FYI I updated the previous comment to give more detail, so please re-read if you were confused before!
Just to keep you updated. I ran a filter to remove all numerical values as a UK Postcode cant be purely numerical and it took out approx. 21,000 rows. Re-ran the workflow and it is now processing so you were right, there must have been something hiding in the numerical values like a scientific expression.
Out of interest: My workflow imported 5 tables. 4 were from JDBC and 1 was a snapshot. I can edit the column values on the JDBC tables through the profile - Edit column function but I couldn't workout how to do a similar task on the snapshot. The snapshot has 14m rows in it and took several hours to produce so I didn't fancy re-creating it just for testing purposes. Is it possible to edit the column values of a snapshot ?
Hi Steve, good to hear you're making progress.

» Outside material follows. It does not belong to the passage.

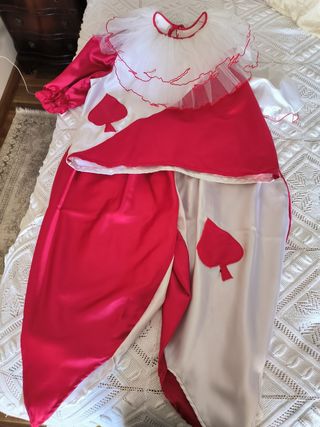 Disfraz arlequin hecho a mano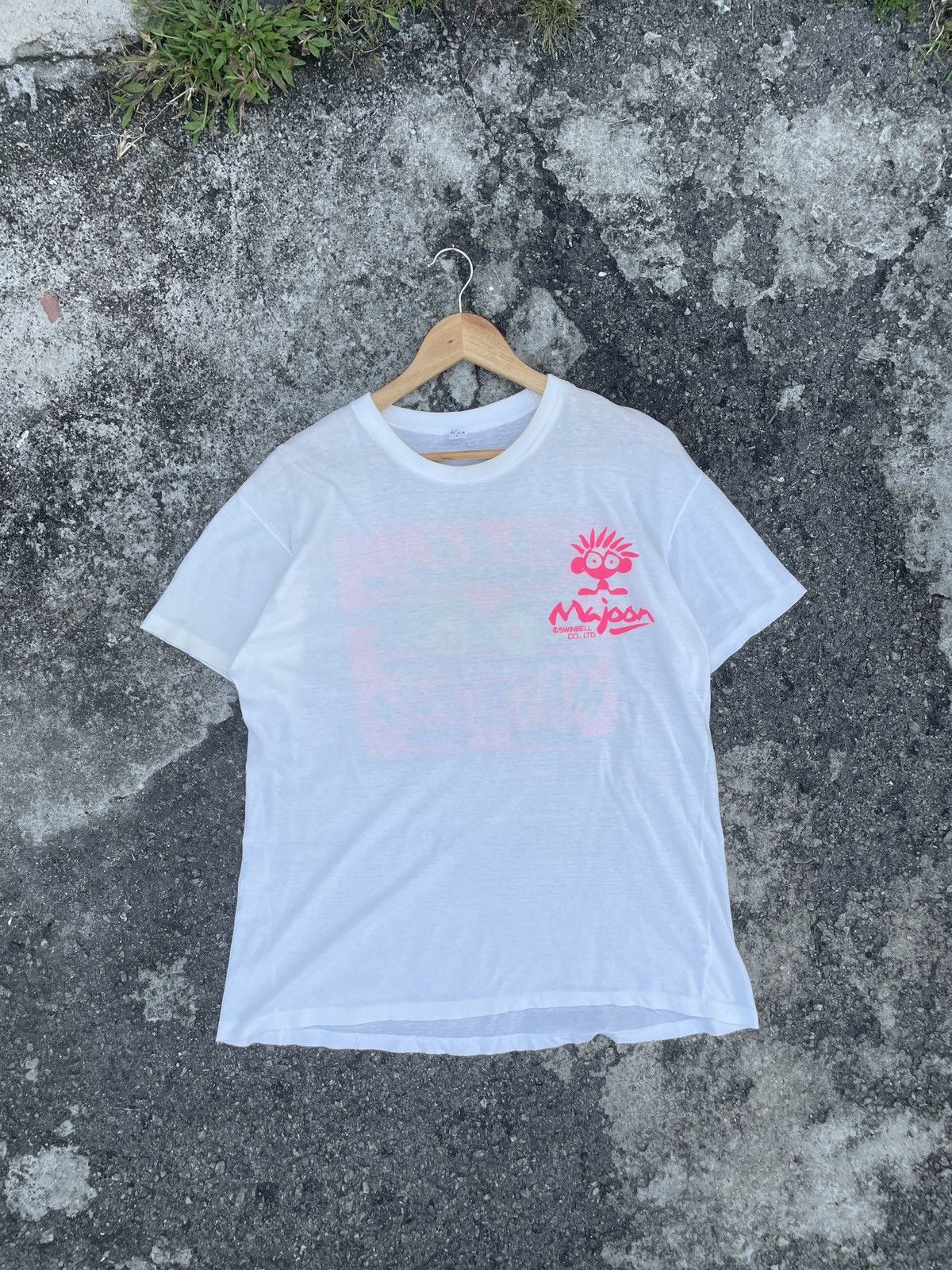 Japanese Brand Vintage Surfing Tee Majoon Swinbell Japan Size US M / EU 48-50 / 2 - 2 Thumbnail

When you're changing the data types \ data standardisation rules on a column in a JDBC table via the Preview -> Edit dialog, you're affecting how they will get loaded in. Because a snapshot is already a loaded table, the same thing isn't possible. However, you can manipulate the data based on the type for a snapshot:
If you use the Datatype function, you can view the type for each value:
You can check and change data types in the Transform step. In this example, I can change any values with Decimal type to Alphanumeric:
To see the result more clearly, I've added additional columns to show the data type for values in the "number" column before and after the conversion
Note that some conversions will throw errors: Converting a Decimal to an Alphanumeric is fine, but converting an Alphanumeric to a Decimal would fail with an error if the value couldn't actually be converted.